La última mecha la encendió el secretario de Acción Política y peso pesado en la dirección socialista, Antoni Balmón, que en un artículo publicado en ``El Periódico'' señaló que «en el PSC sobran profesionales del ruido sin ninguna relevancia actual», en clara referencia a exdirigentes socialistas como los exconsellers Joaquim Nadal, Marina Geli o Montserrat Tura, que en las últimas semanas habían flirteado con la posibilidad de participar en la cadena humana, criticando la cerrazón de la dirección.

No tardaron en saltar las voces de todos los que se sintieron lógicamente aludidos, quienes argüyeron, en términos generales, que en el PSC no sobra gente, sino que más bien falta. Lejos de frenar, Balmón insistió el miércoles en sus declaraciones, señalando, textualmente, que está «harto de las lecciones» de personas como Tura. Y para demostrar que no bromeaba, ayer volvió a las andadas, declarando que «alguien que piensa que sus ideas no están donde deben estar, se va», en referencia a Antoni Dalmau, expresidente de la Diputación de Barcelona y militante histórico del PSC, que el miércoles anunció que abandona el partido.

Estos encontronazos a dos semanas de la Diada ilustran a la perfección hasta qué punto tensiona el proceso soberanista el frágil equilibrio interno socialista, cuyos cuadros dirigentes siguen siendo incapaces de realizar un diagnóstico certero de la realidad del país y, por lo tanto, incapaces también de proponer soluciones que saquen al PSC de la caída libre electoral en la que está sumido desde hace una década -de 52 diputados en 1999 a 20 en la actualidad-.

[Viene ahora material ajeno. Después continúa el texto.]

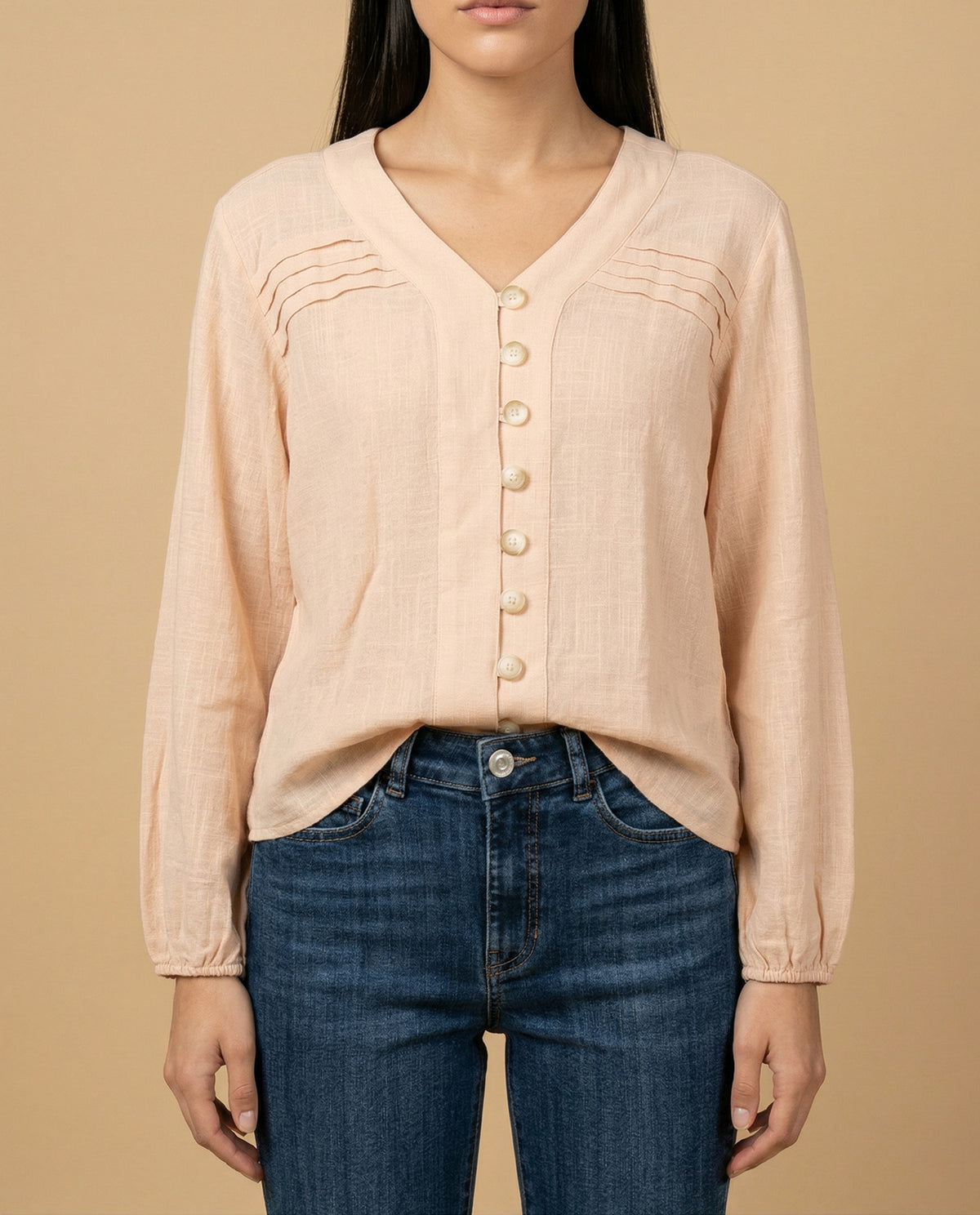 Camisa con escote en V para mujer - Beige 34_615F329_BEI130607_3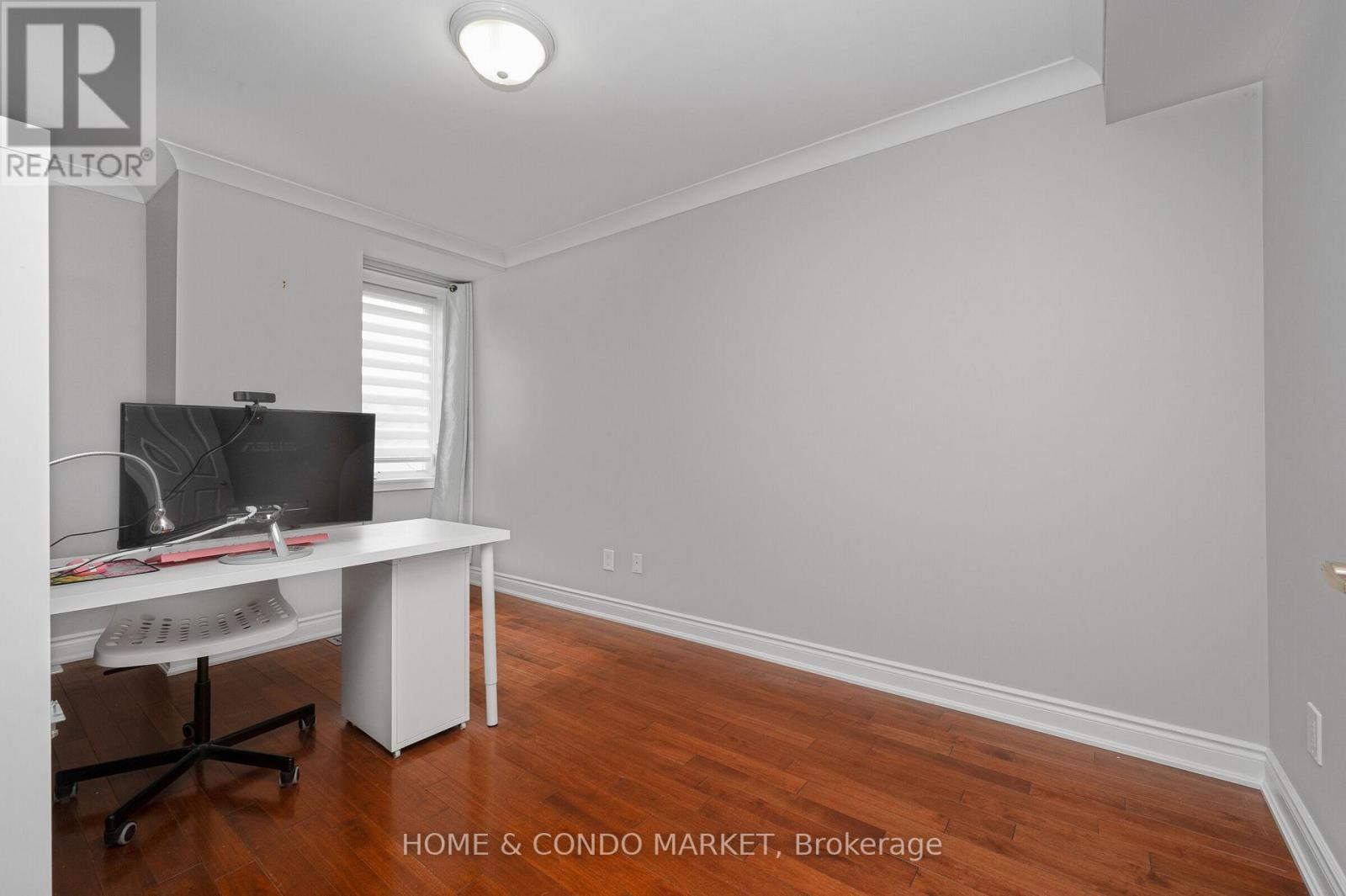 3 - 194 Lakeshore Road W, Mississauga, Ontario  L5H 1G6 - Photo 26 - W13229908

Pasado el tiempo en que la centralidad política pasaba por el autogobierno pactado con Madrid -en el que, igual que CiU, los socialistas se movían como pez en el agua-, el PSC queda ahora atrapado entre la defensa débil y ambigua del derecho a decidir como principio democrático y la lealtad a una Constitución y a un Estado que niegan sistemáticamente dicho derecho.

Y el elector, cada vez menos ambiguo y más decidido por una de las dos opciones que daría un referéndum, no lo perdona. Pero el proceso soberanista no explica, por si solo, la deriva del PSC, cuyo descenso a los infiernos comenzó antes incluso de que Ernest Maragall llegase a la Generalitat.

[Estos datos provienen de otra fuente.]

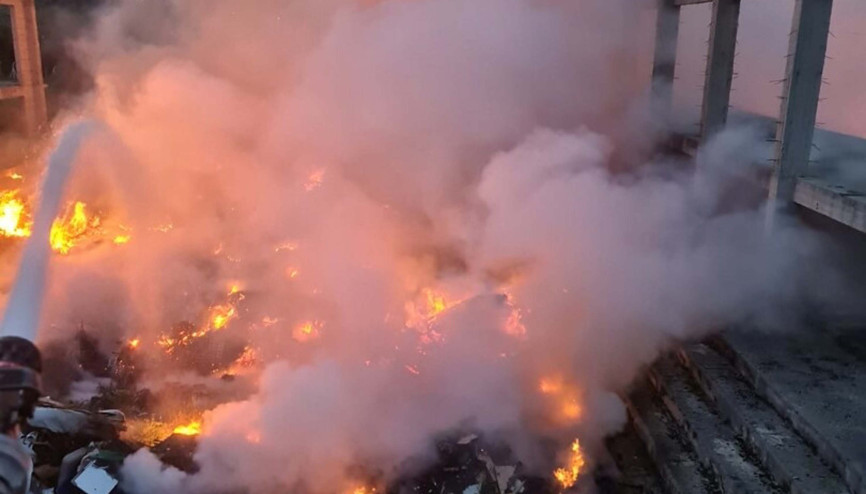 Balıkesirde çöp döküm alanında yangın Balıkesirde çöp döküm alanında yangın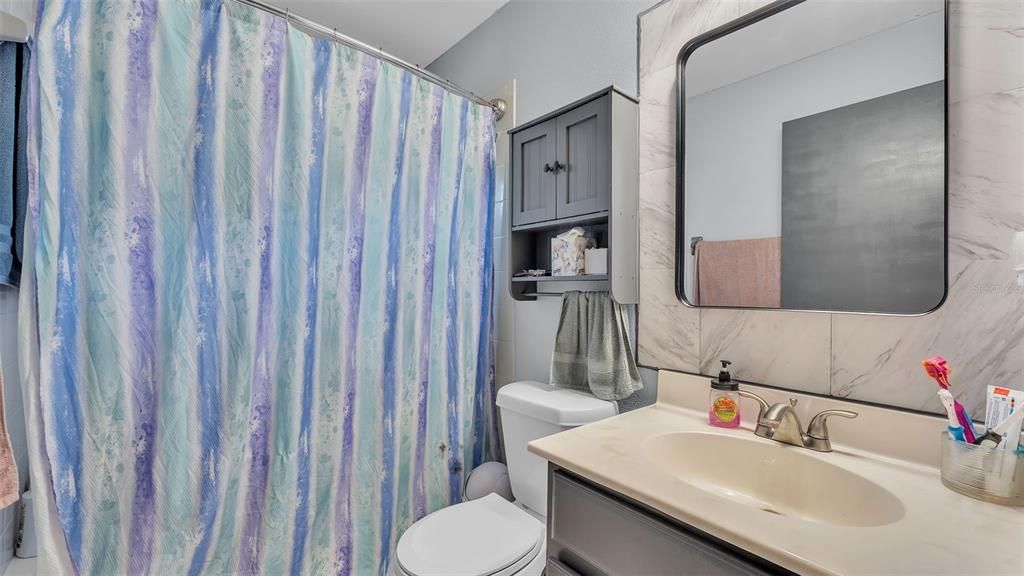 Activo con contrato: $315,000 (4 camas, 2 baños, 1554 Pies cuadrados)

De hecho, cabe remontarse hasta el Congreso celebrado en 1994 en Sitges para entenderlo todo. Ese año los llamados «capitanes» se adueñaron de la formación, enterrando la anterior etapa obiolista -por el dirigente Raimon Obiols-. Con los `capitanes', la federación catalana del PSOE impuso su hegemonía en un partido nacido originalmente de la fusión de tres formaciones, de las cuales solo una tenía lazos orgánicos con el socialismo español.

Conscientes de la realidad del país, la nueva cúpula aguantó durante un tiempo a líderes más heterogéneos como Maragall al frente del partido, con quien consiguieron, por fin, arrebatar el Palau de la Generalitat a CiU.

Entonces se sintieron fuertes y, en el segundo tripartito, no dudaron en poner al frente de la formación y del Govern a uno de los suyos: José Montilla. Desde entonces, la historia ya conocida: una dirección replegada en un búnker, escudándose en que gana los congresos por amplias mayorías, sin darse cuenta de que es fácil con unas estructuras que controla a su antojo, y cerrando los ojos ante lo que sucede en el exterior.

Si a todo esto sumamos, por un lado, el débil liderazgo de un Pere Navarro incapaz de marcar perfil propio y, por otro, la crisis general que la socialdemocracia europea sufre desde que se realizase el harakiri buscando la cara amable del neoliberalismo, nos encontramos con todos los ingredientes para hablar de un partido en peligro de extinción, por los restos del cual luchan ahora dirección y ala catalanista.

Hasta ahora, la única salida para los catalanistas, a los que se acusa de poco organizados, era el exilio -como el de Dalmau esta semana o el de Ernest Maragall hace un año-.

Si de verdad comienzan a organizarse, como anunciaron ayer, puede que intenten librar una última batalla por el control del partido, tras la cual, si pierden, la única salida digna que les queda es la de abandonar el partido. Eso sí, en bloque y dinamitando de una vez por todas el PSC.